Williams: It is very interesting and it's very informative. Most importantly, we don't want a child to get mislabeled. We don't want to under-identify with any of these brief measures. The EVT-2 and the PPVT-4 are both very brief measures. They're not giving you the whole picture. They're giving a nice, valid, reliable snapshot of somebody's vocabulary. But if you're really going to look at their language, you want to use something that delves into different language skills.

Williams: In doing the revision, we saw that there were a lot of reasons that you could get really helpful information by giving both the PPVT-4 and EVT-2. So one of the things we did was to expand the item pool greatly, and we came up with two parallel testing forms for both the PPVT-4 and the EVT-2. We foresaw that people would want to do a lot of re-testing and tracking of progress receptively and expressively. We've added a growth scale value for monitoring progress. There's a descriptive analysis, because we have a bigger item pool and we expanded the item types. You can now look at the words as for home or school, or as a part of speech. You can do an analysis by Beck's approach, the three-tier approach, where you divide the words into tiers.

Schreiber: And there's better balance for diversity, isn't there?

Williams: Right.

Schreiber: You've talked about the atypical profile that you would get if you have a child who scores high on the EVT-2 and then lower receptively, but it's more typical to have the reverse. And when you have that profile then you could be dealing with a word-retrieval problem.

Williams: Exactly. That's usually the first thing people are thinking about: Is this a retrieval problem? And they begin looking for that higher receptive, lower expressive profile. But psychometrically it comes out to be 50/50. Half will have one higher than the other.

Schreiber: Well that's logical. And is this discussed in the User Manual?

Williams: Yes, how to do the comparison is discussed in the manual and some of the reasons for it.

Schreiber: Now the sample size for your normative data is a lot larger than in the past. And you did match to the current U.S. Census data.

Williams: Very closely! Amazingly close! That's AGS/Pearson's good work. And one of the reasons they went for such a large sample, is to have grade-based norms as well as age-based norms. And grade-based norms are, I guess, what a lot of schools are using for Reading First programs. The sample is exactly the same for both. That took a lot of work.

Schreiber: I bet it did, with a lot of hands helping in the process. I know our readers would be interested in knowing about the growth scale value (GSV) because the previous version didn't have that feature, correct?

Williams: Right, that's been added to both the PPVT-4 and the EVT-2. And there is a conversion formula for the old PPVT-III or an original EVT score. The GSV was developed using Rasch's Item Response Theory (IRT). The best way to explain it to people is that it's an equal interval scale, just like measuring somebody in inches.
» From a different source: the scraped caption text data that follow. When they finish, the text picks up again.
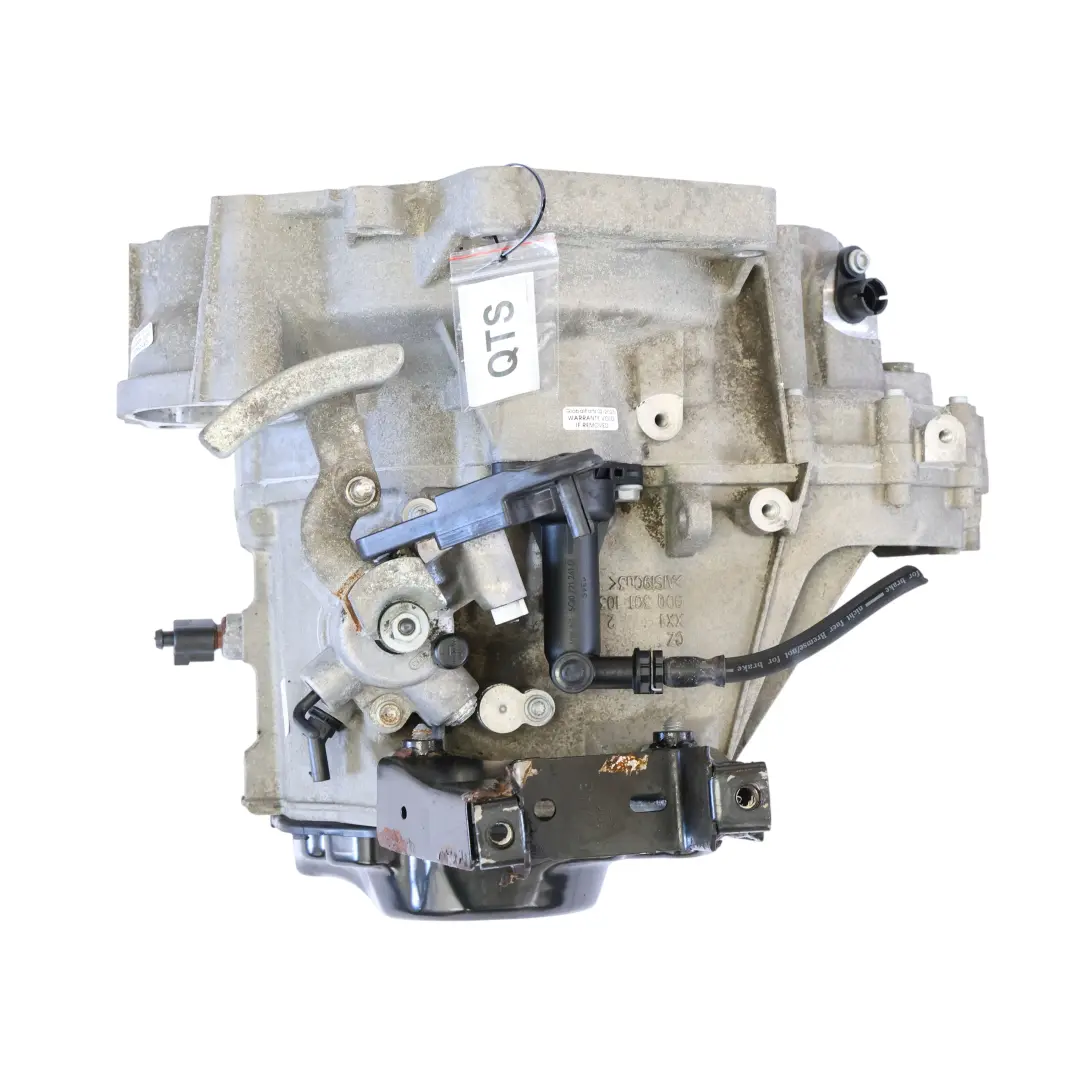 Cambio Manual QTS 5 Velocidades GARANTIA para Audi A1 8X 1.0 TFSI con número de pieza 0DF300050C Audi A1 8X 1.0 TFSI Cambio Manual QTS 5 Velocidades GARANTIA - SKU 0DF300050C - Número de pieza 0DF300050C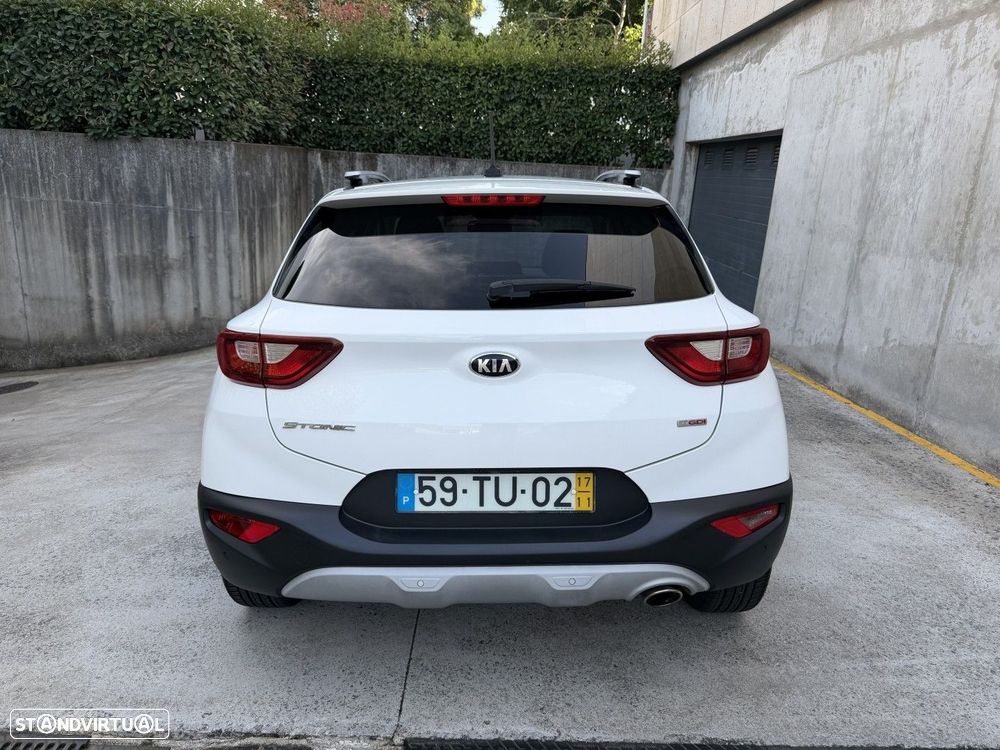 Kia Stonic 1.0 T-GDI TX - 8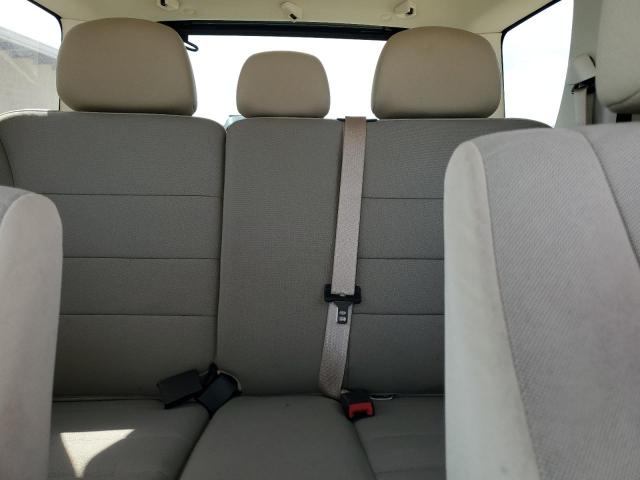 Photo 10 from auction – 2010 FORD ESCAPE XLT with VIN 1FMCU0D73AKC64873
Let's say you're an 8-year-old and you get a standard score of 100 based on so many raw score units. And then the next year when you're 9, if you've made a year growth in vocabulary, you should get the same standard score (100) because you're one year older. But what if you really wanted to see the growth? How would you put a level of ability on the more difficult items that had to be answered to get a higher raw score? That's where the Rasch scaling helps. And this is what's good about having multiple forms of the test. Some people would like to use this as a measure of what the student's response to intervention (RTI) is. Vocabulary is influenced so much by reading and other programs that if you wanted to measure the impact of your reading program, you could actually do it with a vocabulary test, even though it's oral, it would demonstrate how much the student is profiting from what's going on in the reading program. So let's say you gave one form and you got a raw score of 61, a GSV of 136. And then let's say 6 months later you had a raw score of 70, a GSV of 143. You could plot these scores to get a visual idea of how much change occurred over time. Now, of course, the raw scores can be computed to standard scores. And the standard score may still indicate a below-average performance, but there is still growth occurring. So the GSV gives you that equal interval scale to say that even though the student I'm working with is still below average, there's measurable growth occurring even in this short time interval. I think it's going to be a helpful device for people who want to give parents or others they're working with an indication of growth.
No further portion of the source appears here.